For composer and University of Calgary professor Allan Bell, this episode of humanity at its best speaks volumes about the power of listening hearts.

While waiting in line at Cochrane Coffee Traders last week, we got to chatting about listening.  

“Listening is transformative,” he said. “To really listen may require us to make changes.”

To illustrate his point, he referred to the Christmas Truce. Here were warriors who chose to really listen to the songs in each other’s heart that holy night, he said, and they were transformed – for a while, at least.

“How about writing your Christmas column about this?” he asked. And lawyer Richard Fercho, my coffee companion at a nearby table with whom I’d been discussing the beauty of listening, agreed.

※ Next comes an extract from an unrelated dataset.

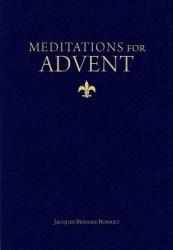  Meditations for Advent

And so I am.

When I later described this conversation to U of C religious studies professor Anne Moore, of Cochrane, she directed me to Christian Carion’s award-winning 2005 French film Joyeux Noël, “Merry Christmas.”

Carion depicts the Christmas Truce through the eyes of French, Scottish and German soldiers, and provides a powerful visual and dramatic counterpart to McCutcheon’s ballad.

An important figure for me in the film is Palmer, a Scottish priest who also served as a stretcher-bearer at the front.

Moved by the peace that took over the battlefield that night and continued into Christmas Day, Father Palmer celebrated Mass for all those gathered in No Man’s Land – Scottish, French and German alike.

This didn’t sit well with his bishop, who some time later arrived at the front to chastise his misguided priest.

But Palmer responds: “I sincerely believe our Lord Jesus Christ came to me in what was the most important Mass of my life. I tried to be true to His trust and carry His message to all, whoever they may be.”

For the past few days, I’ve been thinking a lot about lessons from the Christmas Truce in the light of current world events – and in particular, in the light of escalating global inter-religious tensions.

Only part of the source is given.